Marialzira Perestrello reconhece a seriedade de postura de Medeiros e Albuquerque, afirma que ele possui uma compreensão profunda sobre a obra de Freud, como é possível verificar em sua obra Hipnotismo, de 1923. Entretanto, essa psicanalista, não defende que a conferência de 1919 seja a primeira sistematização e instituição da Psicanálise no Brasil e, dessa forma, se contrapõe claramente a Cyro Martins.

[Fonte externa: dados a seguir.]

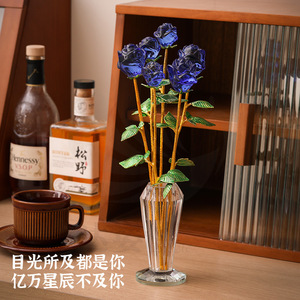 Adorno de Cristal con Forma de Rosa, 6 Piezas, Forma Octogonal, Decoración Floral para Escritorio, Regalo para el Día de San Valentín - Product Image 3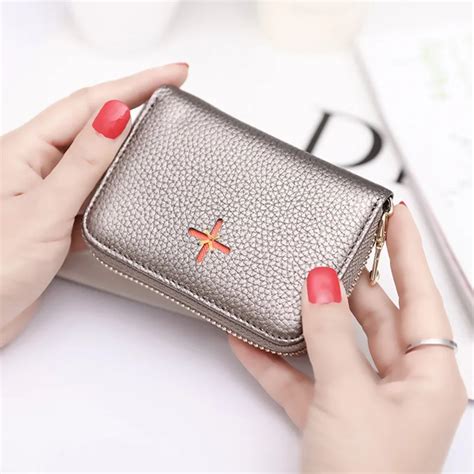 2019 Silver Women Credit Card Holder Mini 100 Cow Leather Female Short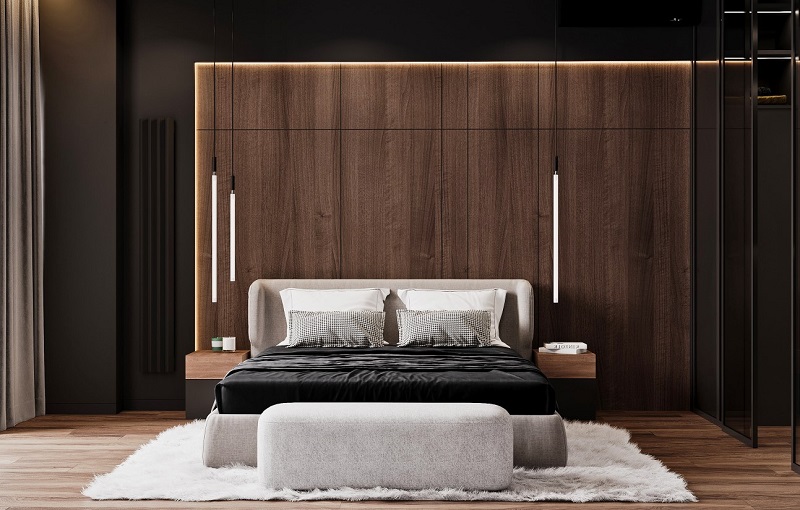Thiết kế nội thất theo yêu cầu sử dụng chất liệu gỗ và đèn LED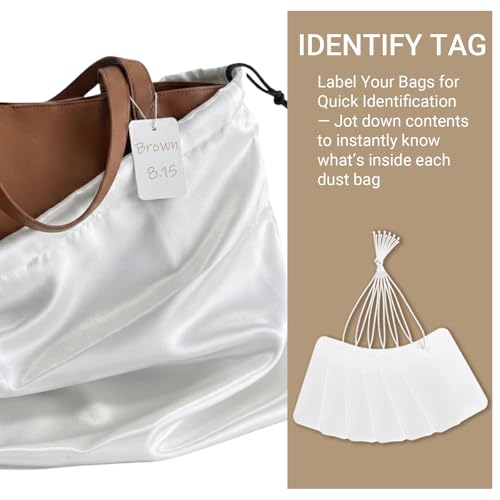 Q&J Fabric Co. 6 Pack Satin Dust Bags for Handbags & Purses - Drawstring Storage Bags for Shoes, Boots, Wallets, Travel Organizer Pouches, Soft Polyester Protector Covers (15.7"x19.7", White) - color: White, size: 15.7"x19.7"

Tenho de divergir de Cyro Martins quanto ao fato de considerar a conferência de Medeiros e Albuquerque “a primeira exposição sistemática, fiel a seus princípios básicos, que se fez no Brasil sobre Psicanálise”, pois, como citou Almeida Prado Galvão, Franco da Rocha fez uma palestra de conteúdo psicanalítico e publicou-a em março de 1919. Mais ainda, comprovei no livro Doutrina de Freud terem sido várias as palestras para os alunos durante esse ano. Ora, a conferência de Medeiros e Albuquerque foi proferida somente em novembro de 1919. Assim, é indiscutível que Franco da Rocha, em São Paulo, precedeu a Medeiros e Albuquerque, no Rio. (PERESTRELLO, 1987, p. 15).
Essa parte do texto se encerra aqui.